StringUtils.replaceChars("abc", null, *) = "abc"
StringUtils.replaceChars("abc", "", *) = "abc"
StringUtils.replaceChars("abc", "b", null) = "ac"
StringUtils.replaceChars("abc", "b", "") = "ac"
StringUtils.replaceChars("abcba", "bc", "yz") = "ayzya"
StringUtils.replaceChars("abcba", "bc", "y") = "ayya"
StringUtils.replaceChars("abcba", "bc", "yzx") = "ayzya"
So in your example:
String translated = StringUtils.replaceChars("[Phone]_Michigan_billing_(automatic).html", "[]():", null);
System.out.println(translated);
Will output:
Phone_Michigan_billing_automatic.html
This will be more straightforward and easier to understand than any regex you could write.

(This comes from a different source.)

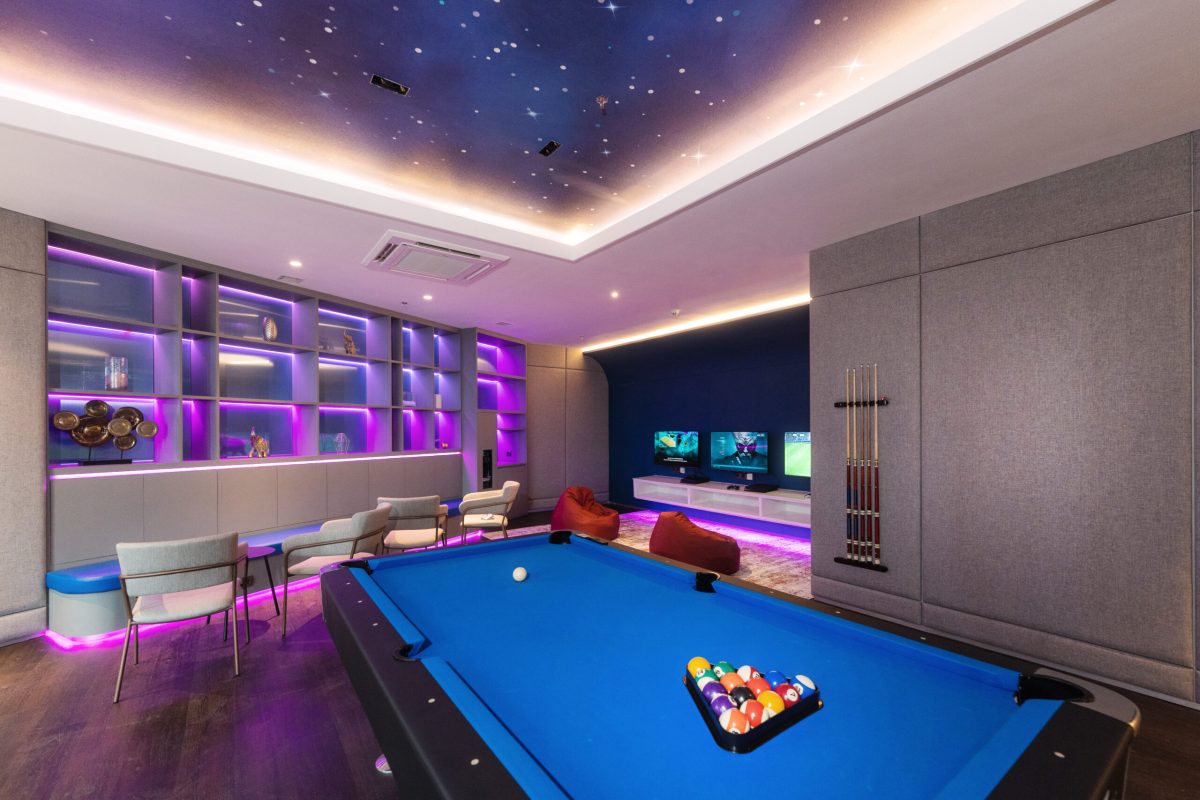 Fasilitas Games Room Altuera Southgate Residence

I think your regex is the way to go. In general white listing values instead of black listing them is almost always better.(Only allowing characters you KNOW are good instead of eliminating all characters you think are bad) From a security standpoint this regex should be preferred. You will never end up with a inputFilename which has invalid characters.
suggested regex: [^a-zA-Z-._]
I think your regex can be as simple as \W which will match everything that is not a word character (letters, digits, and underscores). This is the negation of \w
So your code becomes:
foo.replaceAll("\W","");
As pointed out in the comments the above also removes periods this will work to also keep periods:
foo.replaceAll("[^\w.]","");
Details: escape every thing that is not (the ^ inside the character class), a digit, underscore, letter ( the \w) or a period (the \.)
As noted above there may be other chars you want to white list: like -. Just include them in your character class as you go along.